Major media sites have started to get the religion of audience participation, but there’s been one big hitch: How do you harness the audience’s knowledge and participation without the forums devolving into a messy online brawl that requires time-intensive moderation?

Over the years, traditional media sites have tried forums, killed them, and tried them again, this time with more moderation. But still, the unruly aspect of online commentary continues to upset people, as the Hartford Courant’s public editor Karen Hunter recently railed against the “uncivil discourse” on her site’s comments, blaming it on anonymous commenters and calling for a requirement that people use their real names. Then Topix CEO Chris Tolles defended anonymous contributions, comparing unregistered commenters on Topix to those that register and found that while unregistered comments are slightly more likely to violate posting guidelines, three times of all comments came from unregistered commenters.

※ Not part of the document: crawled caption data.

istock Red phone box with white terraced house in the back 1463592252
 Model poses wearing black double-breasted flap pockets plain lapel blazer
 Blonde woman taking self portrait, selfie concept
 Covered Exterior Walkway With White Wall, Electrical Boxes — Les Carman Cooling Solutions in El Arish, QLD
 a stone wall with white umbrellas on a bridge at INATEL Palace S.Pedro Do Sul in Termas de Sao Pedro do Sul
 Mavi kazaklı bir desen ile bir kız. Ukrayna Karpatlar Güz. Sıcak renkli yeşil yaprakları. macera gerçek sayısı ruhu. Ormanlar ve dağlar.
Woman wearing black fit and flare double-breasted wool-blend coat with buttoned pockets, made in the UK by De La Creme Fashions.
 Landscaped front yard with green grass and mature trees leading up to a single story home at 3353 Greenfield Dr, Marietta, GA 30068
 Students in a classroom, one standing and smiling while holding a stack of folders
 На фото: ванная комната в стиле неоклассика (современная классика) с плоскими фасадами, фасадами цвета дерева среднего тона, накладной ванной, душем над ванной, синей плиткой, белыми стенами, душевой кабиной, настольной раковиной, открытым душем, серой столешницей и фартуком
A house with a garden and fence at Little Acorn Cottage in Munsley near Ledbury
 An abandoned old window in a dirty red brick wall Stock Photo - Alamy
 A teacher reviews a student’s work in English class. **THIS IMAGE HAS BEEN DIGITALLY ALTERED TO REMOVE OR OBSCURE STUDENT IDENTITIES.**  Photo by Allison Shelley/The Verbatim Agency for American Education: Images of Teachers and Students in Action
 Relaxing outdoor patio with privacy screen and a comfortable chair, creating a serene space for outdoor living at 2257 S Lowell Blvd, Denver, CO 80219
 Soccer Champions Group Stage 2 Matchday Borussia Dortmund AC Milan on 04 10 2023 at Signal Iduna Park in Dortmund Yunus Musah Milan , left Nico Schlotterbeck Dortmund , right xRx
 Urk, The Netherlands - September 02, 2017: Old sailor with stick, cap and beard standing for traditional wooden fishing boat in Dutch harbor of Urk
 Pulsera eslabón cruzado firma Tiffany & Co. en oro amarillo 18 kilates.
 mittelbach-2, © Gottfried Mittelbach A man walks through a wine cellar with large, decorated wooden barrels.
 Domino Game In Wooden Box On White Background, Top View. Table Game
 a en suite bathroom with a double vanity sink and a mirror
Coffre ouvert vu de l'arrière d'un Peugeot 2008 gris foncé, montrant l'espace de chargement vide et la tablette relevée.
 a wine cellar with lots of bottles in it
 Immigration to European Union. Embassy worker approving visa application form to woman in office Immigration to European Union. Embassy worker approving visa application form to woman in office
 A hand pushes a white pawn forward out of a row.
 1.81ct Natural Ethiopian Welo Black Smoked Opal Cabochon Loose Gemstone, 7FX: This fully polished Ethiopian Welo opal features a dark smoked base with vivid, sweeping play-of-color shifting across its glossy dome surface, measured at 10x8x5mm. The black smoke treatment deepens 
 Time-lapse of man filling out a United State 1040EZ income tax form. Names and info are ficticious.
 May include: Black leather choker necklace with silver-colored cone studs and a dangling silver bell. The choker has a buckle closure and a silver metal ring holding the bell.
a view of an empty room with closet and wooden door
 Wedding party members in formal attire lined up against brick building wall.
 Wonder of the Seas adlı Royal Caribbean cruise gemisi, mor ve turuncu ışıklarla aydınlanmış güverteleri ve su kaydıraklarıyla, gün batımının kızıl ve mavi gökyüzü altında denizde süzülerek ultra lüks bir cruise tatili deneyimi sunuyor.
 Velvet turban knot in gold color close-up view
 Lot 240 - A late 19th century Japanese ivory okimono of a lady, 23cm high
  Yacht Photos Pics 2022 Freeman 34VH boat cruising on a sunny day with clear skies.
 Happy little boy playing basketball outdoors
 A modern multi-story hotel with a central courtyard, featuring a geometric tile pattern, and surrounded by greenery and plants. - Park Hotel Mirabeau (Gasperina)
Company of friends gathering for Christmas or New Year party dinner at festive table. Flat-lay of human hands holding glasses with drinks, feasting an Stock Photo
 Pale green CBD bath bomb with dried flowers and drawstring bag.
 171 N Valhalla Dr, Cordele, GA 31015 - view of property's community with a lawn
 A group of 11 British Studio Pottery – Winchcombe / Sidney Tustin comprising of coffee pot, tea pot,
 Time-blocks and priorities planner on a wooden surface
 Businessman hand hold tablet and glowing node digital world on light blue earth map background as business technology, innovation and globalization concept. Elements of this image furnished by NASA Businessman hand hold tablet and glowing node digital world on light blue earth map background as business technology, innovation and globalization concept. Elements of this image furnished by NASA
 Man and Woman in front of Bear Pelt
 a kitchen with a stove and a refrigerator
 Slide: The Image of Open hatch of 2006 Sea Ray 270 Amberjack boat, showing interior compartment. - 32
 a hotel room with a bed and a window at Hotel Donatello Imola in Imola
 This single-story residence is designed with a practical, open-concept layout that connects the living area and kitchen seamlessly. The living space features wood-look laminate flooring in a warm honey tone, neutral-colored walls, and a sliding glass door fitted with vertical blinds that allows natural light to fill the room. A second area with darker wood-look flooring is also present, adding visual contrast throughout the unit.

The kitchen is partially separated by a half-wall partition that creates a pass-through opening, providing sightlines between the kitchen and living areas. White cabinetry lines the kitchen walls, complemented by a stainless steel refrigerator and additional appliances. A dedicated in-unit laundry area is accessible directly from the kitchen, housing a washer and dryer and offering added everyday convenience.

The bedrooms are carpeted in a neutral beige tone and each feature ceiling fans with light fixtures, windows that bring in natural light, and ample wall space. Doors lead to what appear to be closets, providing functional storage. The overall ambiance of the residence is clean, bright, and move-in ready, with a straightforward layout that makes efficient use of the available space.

What has changed in the last year is that major media companies are no longer arguing over whether they should have comments under stories or blogs; instead, the debate is about how they should moderate them and even highlight the best ones in eye-catching editorial spaces. Many sites are embracing the concept of “news as a conversation,” and trying to create active conversations among reporters, editors and readers online. The New York Times released a more robust commenting function recently, where readers can recommend each other’s comments, and there are “Editor’s Selections” for the best comments in a thread. And last weekend BusinessWeek.com started highlighting one commenter per day on its home page, with a photo of the commenter.

Jonathan Landman, deputy managing editor for digital journalism at the New York Times, told me he thinks a balance of positive reinforcement and negative reinforcement is the way to go in moderating online comments. He likes the way Amazon.com gives people special badges when they use their real name.

Jonathan Landman

“You don’t have to moderate and say, ‘You have to give your real name,’ because you’re already taking down offensive or abusive stuff,” Landman said. “That’s negative reinforcement and we need techniques to give positive reinforcement [as well]. Giving your real name and getting recognized for that is one way. Another example is having the editor’s selections or having people recommend the better comments. So a mixture of positive and negative reinforcement techniques is the way to go.”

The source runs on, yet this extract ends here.